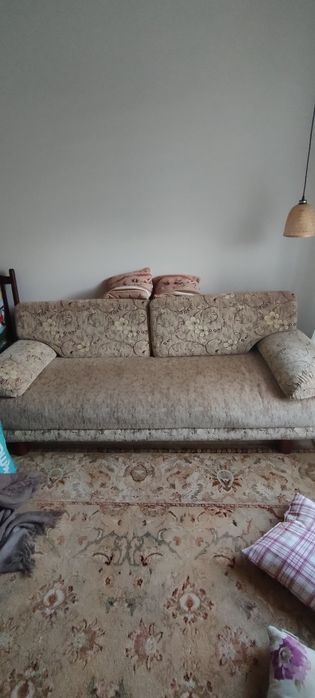 Kanapa, sofa z funkcją spania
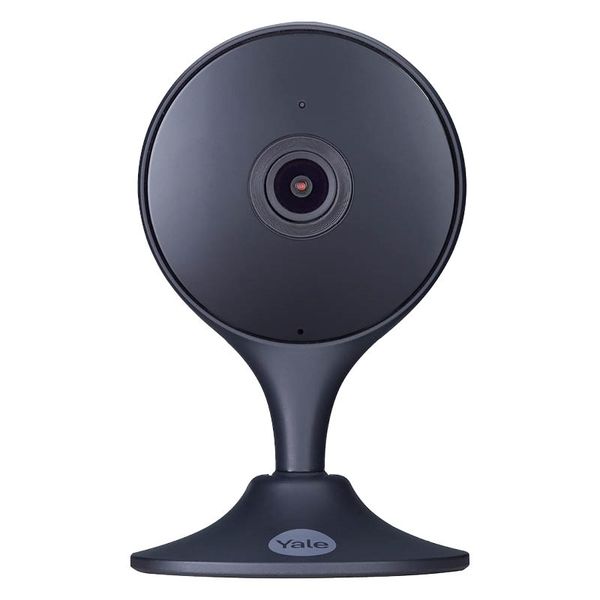 Yale Smart Home Indoor WIFI camera full HD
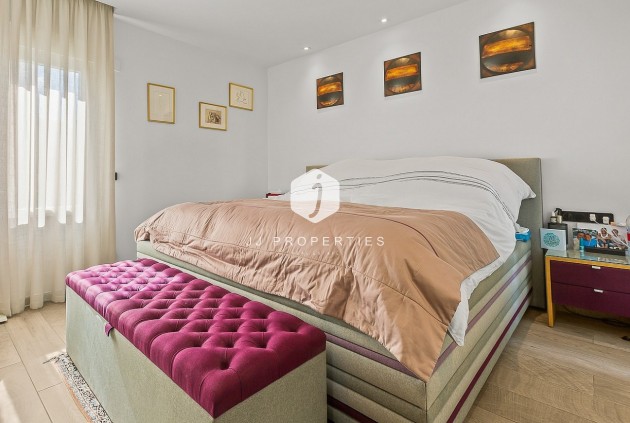 Z drugiej ręki - Villa -
La Finca Golf Resort - Inland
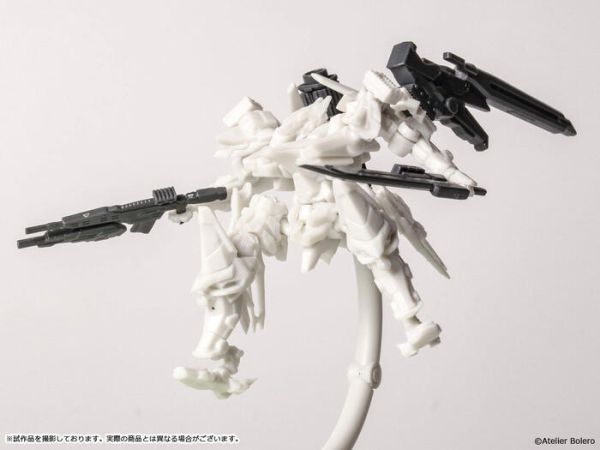KOROKORO 扭蛋 CAPSULE MACHINERY.Sleipnir 組裝模型 全6種 隨機5入販售 KOROKORO 扭蛋 CAPSULE MACHINERY.Sleipnir 組裝模型 全6種 隨機5入販售
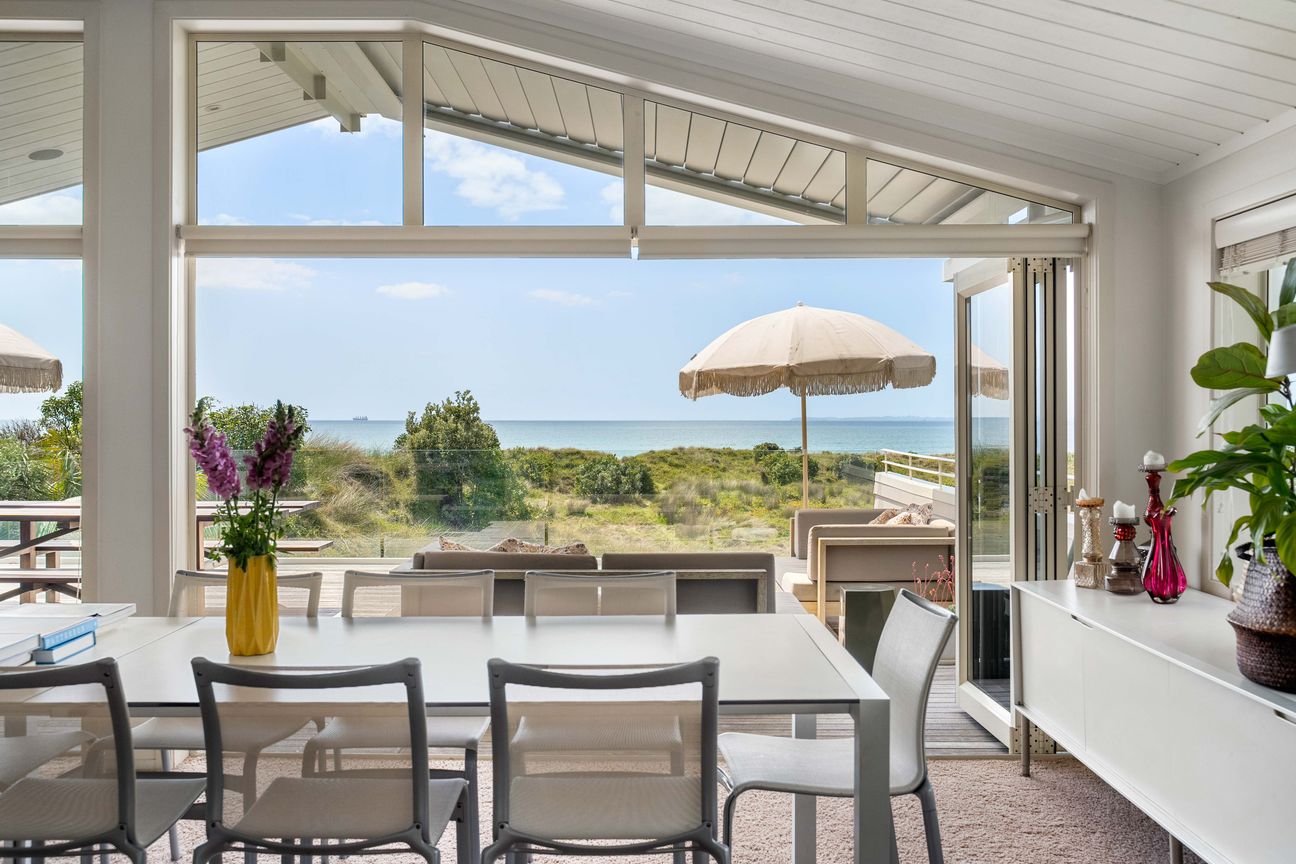 Beachfront - 5 Bed | 4 Bath | Pool - Aanzicht 4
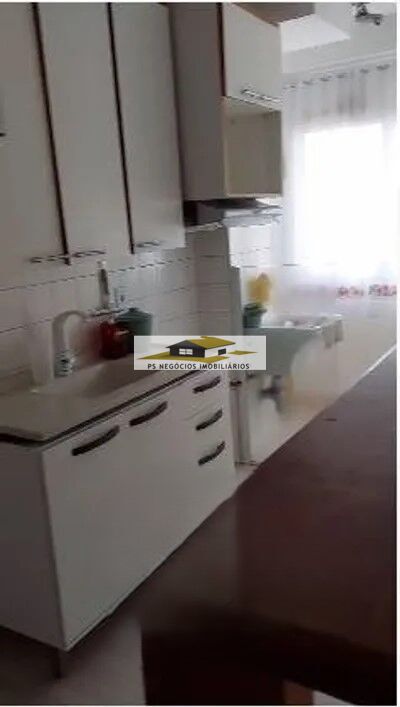 Apartamento à venda com 2 quartos, 42m² - Foto 7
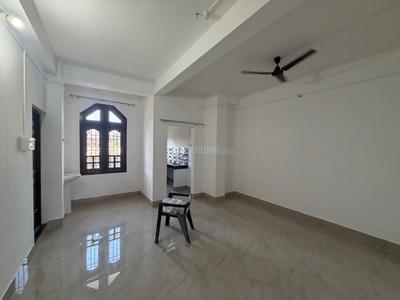 Hall Image of 1100 Sq.ft 1.5 BHK Builder Floor for rent in Beltola Guwahati for Rs. 12000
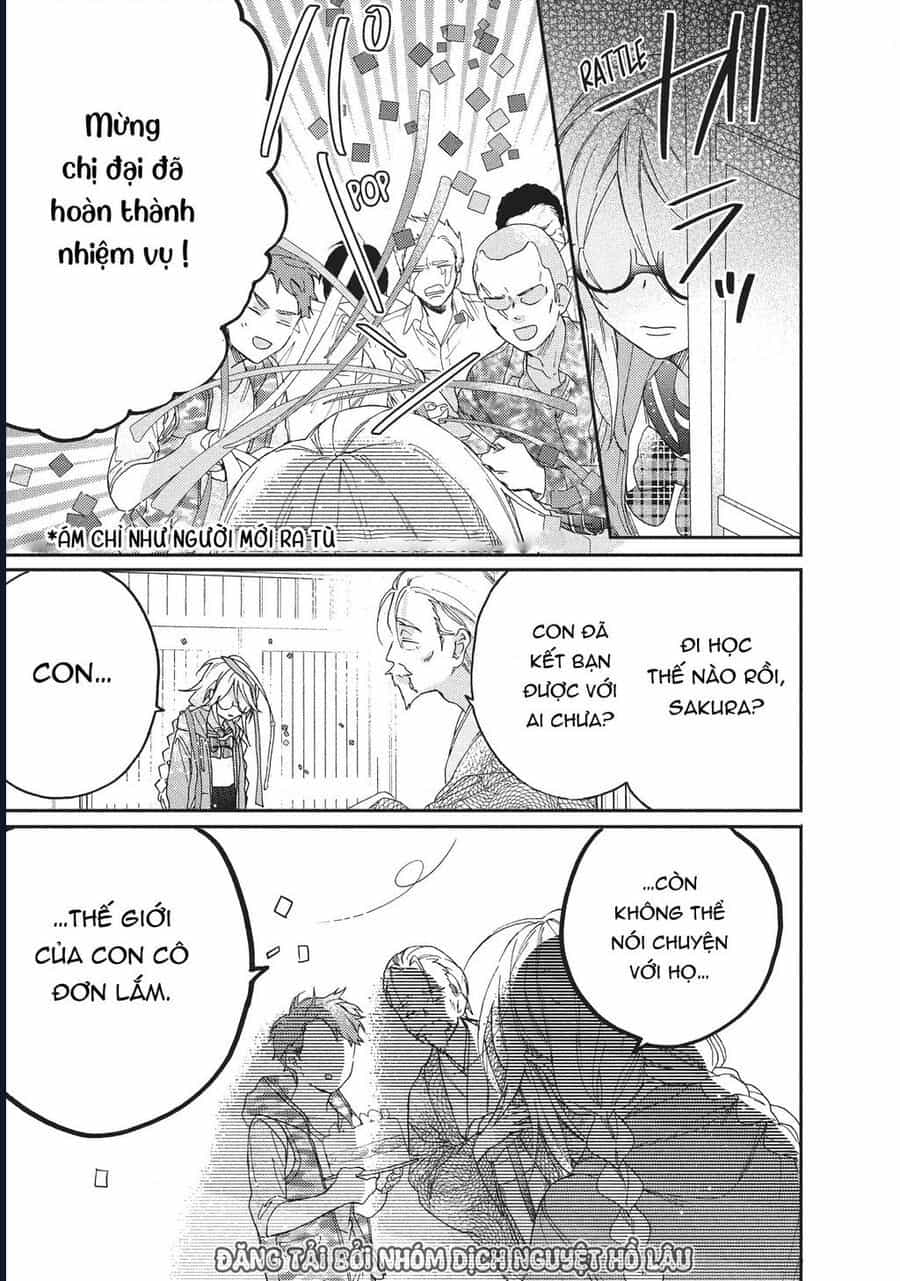 Boss Bride Days - Chương 6 - ảnh 14
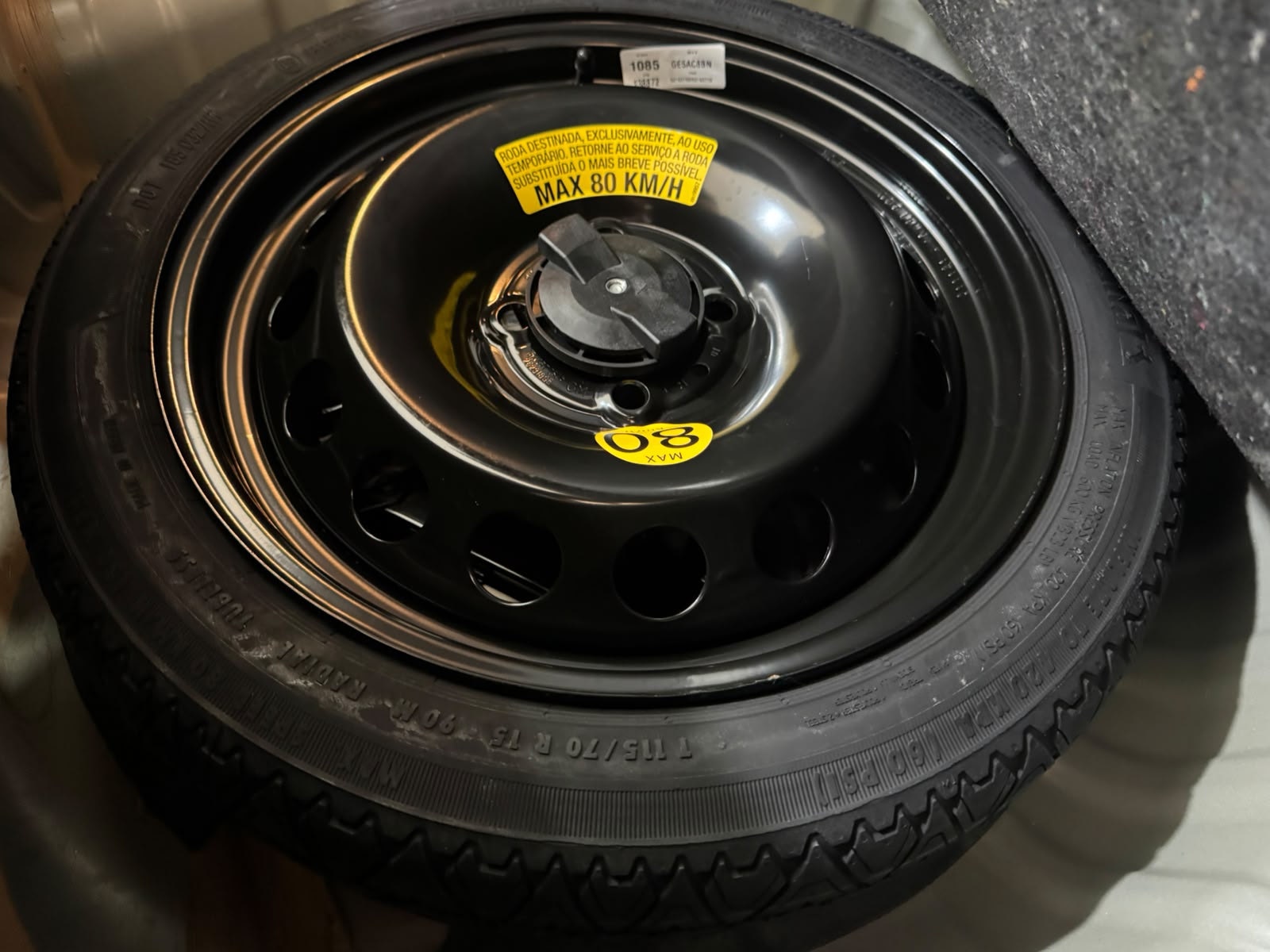 ONIX 1.0 TURBO 2022 UNICO DONO à venda na GBC Car - foto 7 de 24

-*-

_Description of the task_
Extract only the lines from the one that contains "Beachfront - 5" through the end of the records, inclusive, and omit every picture.

_Answer_
 Beachfront - 5 Bed | 4 Bath | Pool - Aanzicht 4
 Apartamento à venda com 2 quartos, 42m² - Foto 7
 Hall Image of 1100 Sq.ft 1.5 BHK Builder Floor for rent in Beltola Guwahati for Rs. 12000
 Boss Bride Days - Chương 6 - ảnh 14
 ONIX 1.0 TURBO 2022 UNICO DONO à venda na GBC Car - foto 7 de 24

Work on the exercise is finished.